◆ Problem ◆
With the images removed, return every line below exactly as it reads.

(Records from a data source)

[Start of Attachment]

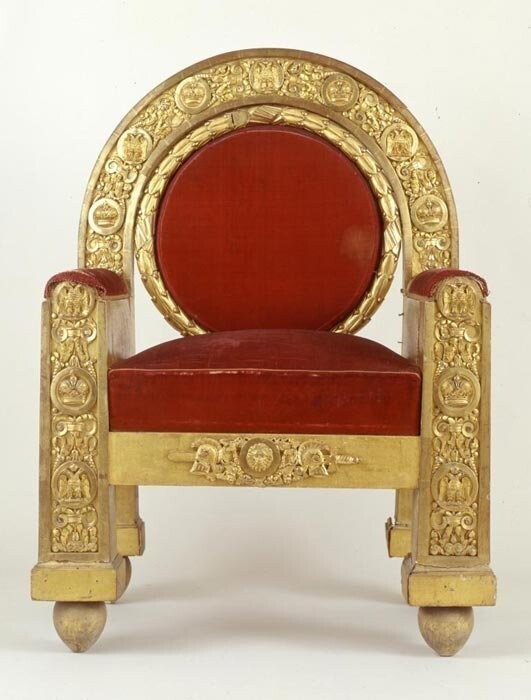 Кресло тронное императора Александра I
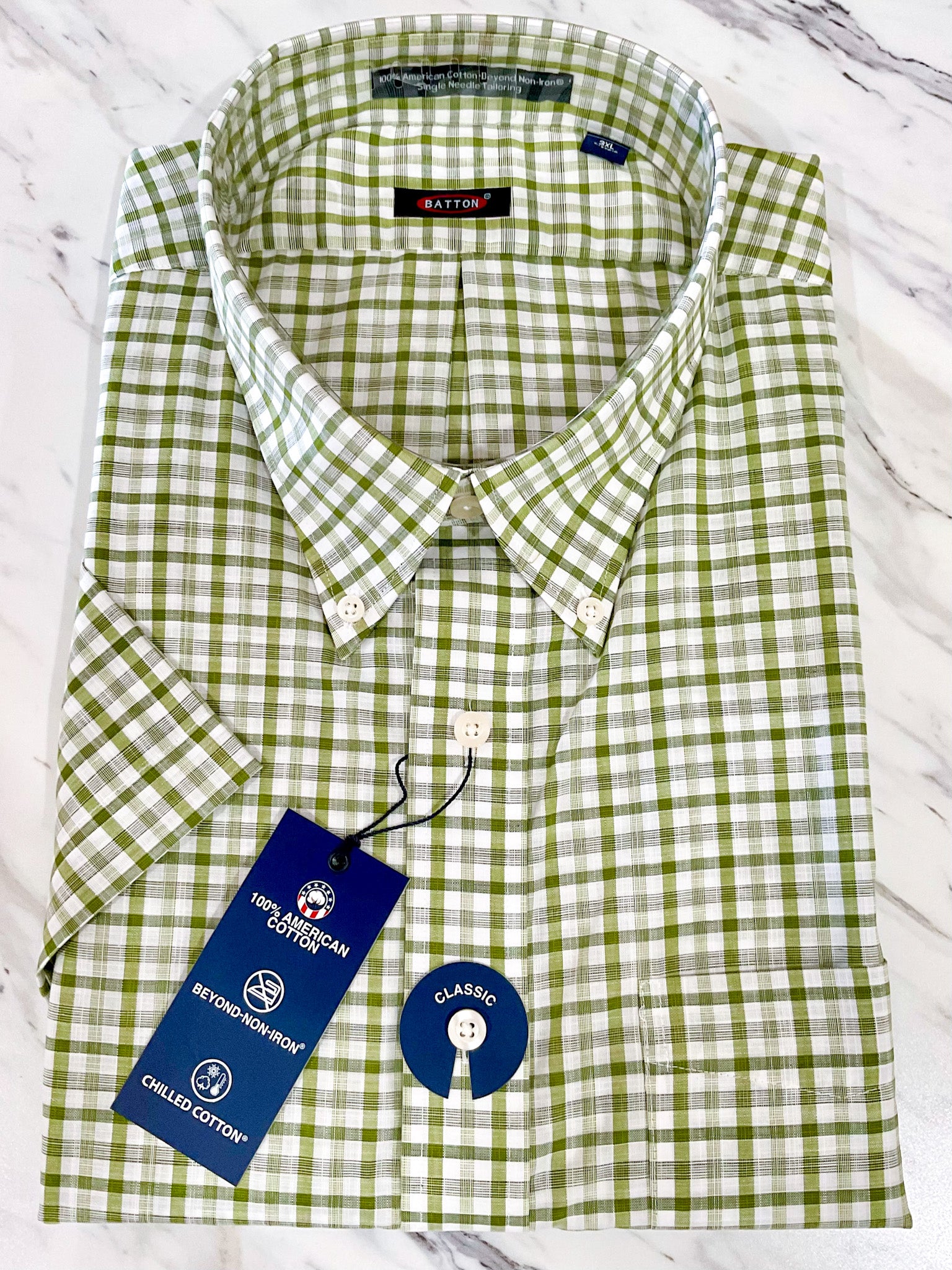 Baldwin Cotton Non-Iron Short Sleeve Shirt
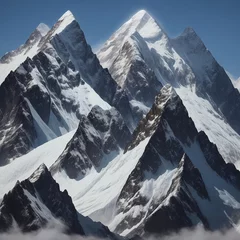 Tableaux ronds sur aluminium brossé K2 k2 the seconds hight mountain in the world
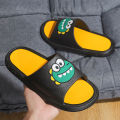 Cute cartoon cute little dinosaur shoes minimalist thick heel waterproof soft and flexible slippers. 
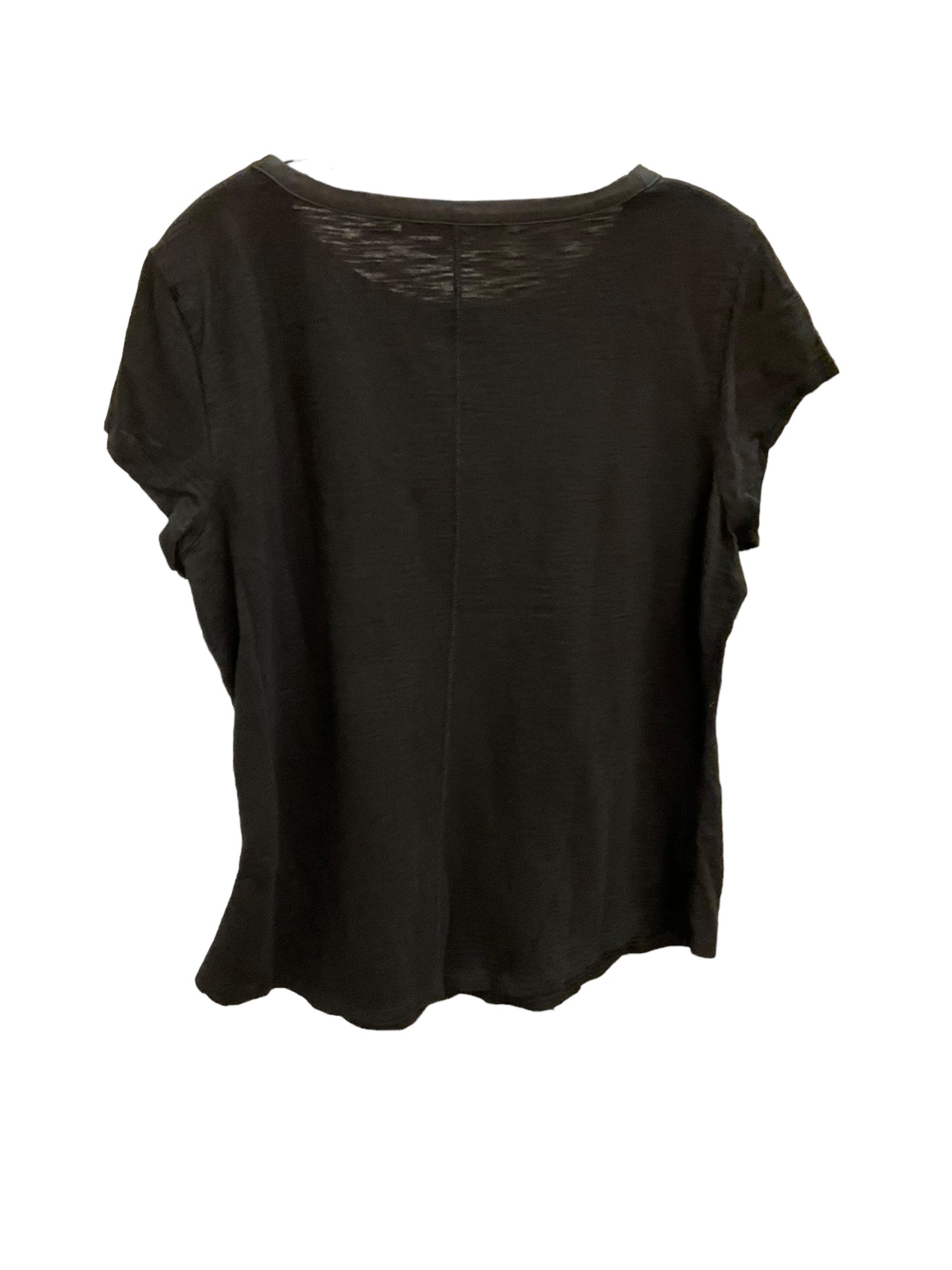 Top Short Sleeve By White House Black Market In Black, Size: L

[End of Attachment]

◆ Exercise solution ◆
 Кресло тронное императора Александра I
 Baldwin Cotton Non-Iron Short Sleeve Shirt
 Tableaux ronds sur aluminium brossé K2 k2 the seconds hight mountain in the world
 Cute cartoon cute little dinosaur shoes minimalist thick heel waterproof soft and flexible slippers. 
 Top Short Sleeve By White House Black Market In Black, Size: L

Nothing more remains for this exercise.